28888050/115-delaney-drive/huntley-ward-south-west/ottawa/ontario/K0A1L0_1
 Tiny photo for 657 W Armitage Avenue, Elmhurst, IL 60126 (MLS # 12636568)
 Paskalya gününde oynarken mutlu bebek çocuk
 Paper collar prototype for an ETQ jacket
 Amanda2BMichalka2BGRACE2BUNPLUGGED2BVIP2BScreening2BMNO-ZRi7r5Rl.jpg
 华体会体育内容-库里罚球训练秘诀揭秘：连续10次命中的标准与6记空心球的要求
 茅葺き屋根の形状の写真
--
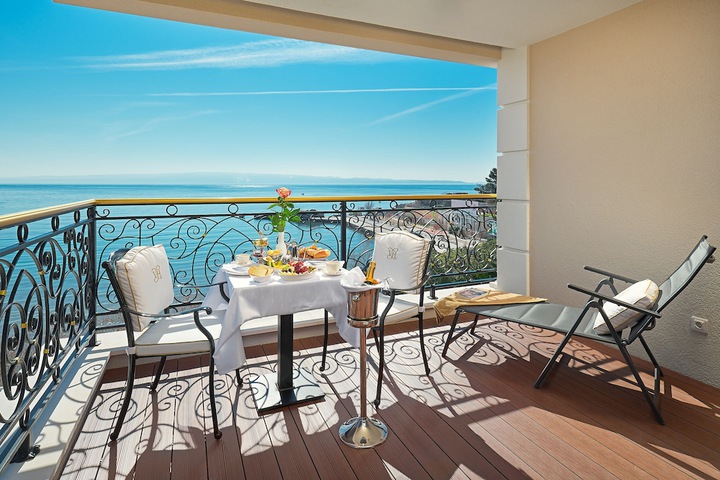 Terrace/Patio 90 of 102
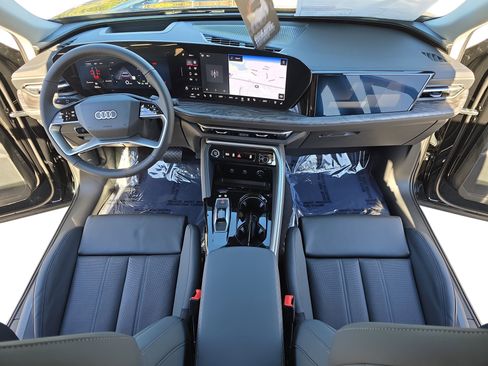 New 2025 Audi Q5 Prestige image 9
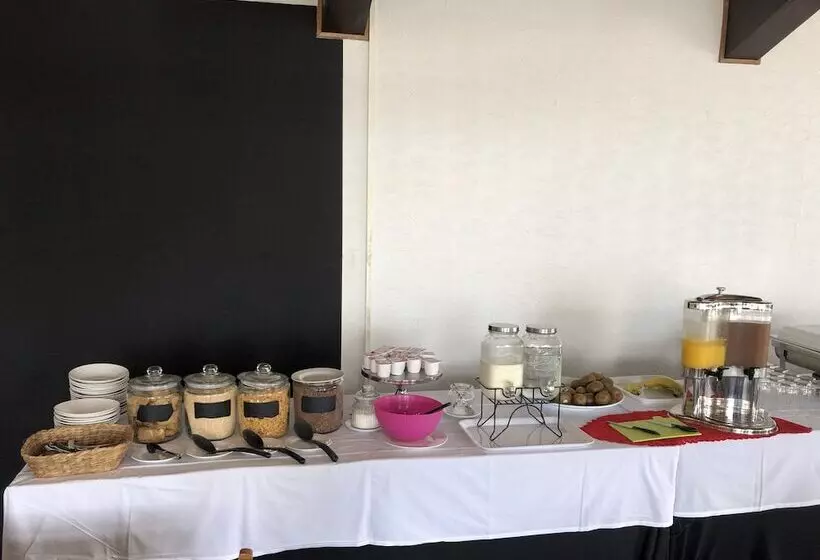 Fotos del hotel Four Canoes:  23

> **Exercise objective**
Output exactly one stretch of the listing: from the line containing "Paper collar prototype for an ETQ jacket" through the line containing "茅葺き屋根の形状の写真", both end lines included.

> **Your solution**
 Paper collar prototype for an ETQ jacket
 Amanda2BMichalka2BGRACE2BUNPLUGGED2BVIP2BScreening2BMNO-ZRi7r5Rl.jpg
 华体会体育内容-库里罚球训练秘诀揭秘：连续10次命中的标准与6记空心球的要求
 茅葺き屋根の形状の写真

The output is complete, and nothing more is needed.